2月13日の封切から丁度1ヶ月経った木曜日の夕方、17時55分からの回を明治通り沿いの映画館が複数入っているビルのワンフロアで観て来ました。ほぼまる1年前の『アプレンティス ドナルド・トランプの創り方』鑑賞以来であるような気がしますが、このビルのもう1館の方であった可能性もあり、記憶も定かではありません。
カルト的人気を誇る作品と噂で、映画.comにも特別記事が組まれていますが、流石に封切1ヶ月となって、大分上映館数に息切れが起きていて、翌日の木曜日を最後に、新宿では上映館から歌舞伎町のゴジラの生首ビルの映画館が消え、私が赴いた映画館と歌舞伎町の高額映画館しか上映館が無くなることが判明していました。この残った2館でも1日1回の上映ですから、風前の灯という感じがします。しかし、実は私は前日の夕刻にゴジラの生首ビルの映画館に上映開始の30分前に滑り込んで鑑賞しようと思った所、驚くべきことに残席が最前列の1席しかない見たこともないような満タン状態でした。
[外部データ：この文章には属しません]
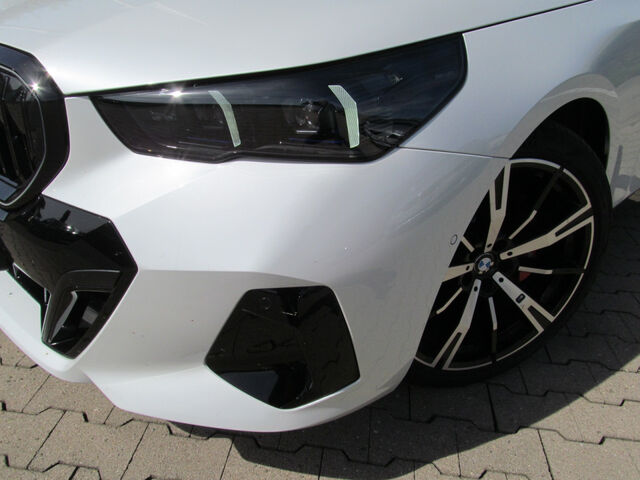 BMW 520 d M Sport Pro HUD ACC SurrView.H/K LED AHK20 Sportpaket Bluetooth Navi Vollleder Klima PDC el. Fe Ansicht 5 für Fahrzeugdetailseite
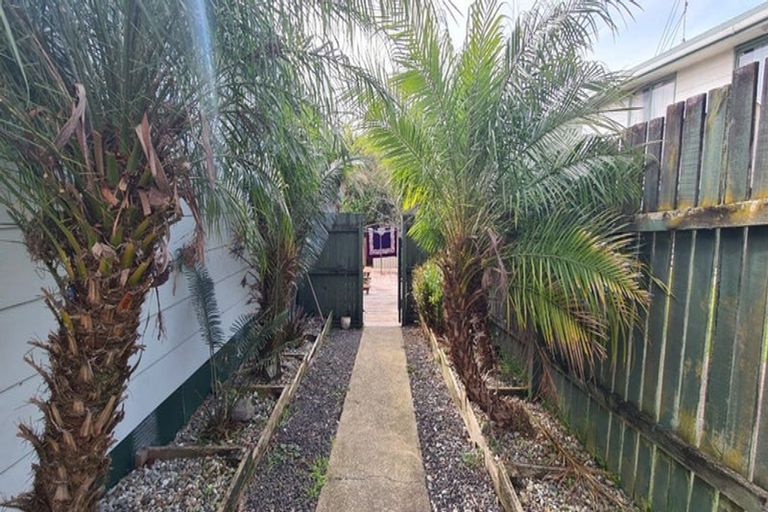 Photo of property in 57 Holmes Drive South, Massey, Auckland, 0614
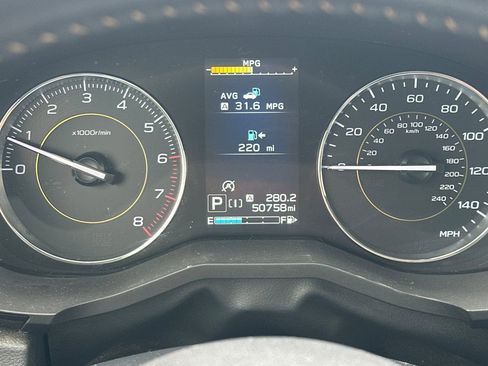 Used 2022 Subaru Crosstrek 2.5i Sport w/ Moonroof Package AWD/4WD image 21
その様子から映画館を変えてみた所、突如、観客数は減り、ネットで観ると294席あるシアターに、30人余りの観客がいただけでした。それでもロビーの狭いこの館にしてはかなりの動員に思えますが、前日の満席からは間違いなく大きな落差と言えると思います。
観客は20代男女2人連れ4組、20代女性と40代男性の何やら不埒感が漂う関係に見える男女の2人連れ1組、そして、20代の男性2名と同年代の女性1名の3人連れ1組という、なかなか複数セット客が多い構成でした。残った単独客の年齢層はそれなりに高く、40代以上でほぼ全員に見えました。(つまり、若い観客はカップルで観に来たくなる映画という感じに見受けられます。)単独客の性別構成もやや男性多めに偏っており、6割少々を占めていそうに見えました。
私は先述の映画.comの特別記事などを流し読みして、この作品の存在を知りました。正確には無意識レベルではこの作品の原色をべったりと用いた抽象画のようなサムネイルが目には入っていて、以前から何か気になる映画だと思ってはいましたが、それが記事で読んだ内容となかなか結び付かないままにいました。記事内容から観に行こうと思い立って、劇場の上映予定などを検索してみた際に、初めて気になるサムネイルの作品がこれだと分かったのです。
拙宅で娘と話した時に、そう言えばという感じで最近観た映画を教えてくれたのですが、それがまさにこの作品でした。彼女は本作の監督とエマ・ストーンがセットで同じ過去作の『哀れなるものたち』を観て気に入り、本作も観ようと思い立ったと言っていました。私は『哀れなるものたち』もこれまた映画.comで物語まで軽くは認識していましたが、鑑賞リストに加えるほどの関心を持てないままに、上映期間は終りました。
変わった物語の変な映画ですが、そのカルト的な人気は先述のゴジラの生首ビルの映画館での大人気ぶりから分かる通りで、今回私が赴いた映画館でもパンフレットは売切れとのことでした。映画.comの解説文章は以下の通りです。
[以下引用↓]
「哀れなるものたち」「女王陛下のお気に入り」などで知られる鬼才ヨルゴス・ランティモス監督が、これで5度目のタッグとなるエマ・ストーンを主演に迎えて描いた誘拐サスペンス。「エディントンへようこそ」「ミッドサマー」の監督アリ・アスターがプロデューサーに名を連ね、2003年の韓国映画「地球を守れ!」をリメイクした。
世界的に知られた製薬会社のカリスマ経営者ミシェルが、何者かに誘拐される。犯人は、ミシェルが地球を侵略する宇宙人だと固く信じる陰謀論者のテディと、彼を慕う従弟のドン。2人は彼女を自宅の地下室に監禁し、地球から手を引くよう要求してくる。ミシェルは彼らの馬鹿げた要望を一蹴し、なんとか言いくるめようとするが、互いに一歩も引かない駆け引きは二転三転する。やがてテディの隠された過去が明らかになることで、荒唐無稽な誘拐劇は予想外の方向へと転じていく。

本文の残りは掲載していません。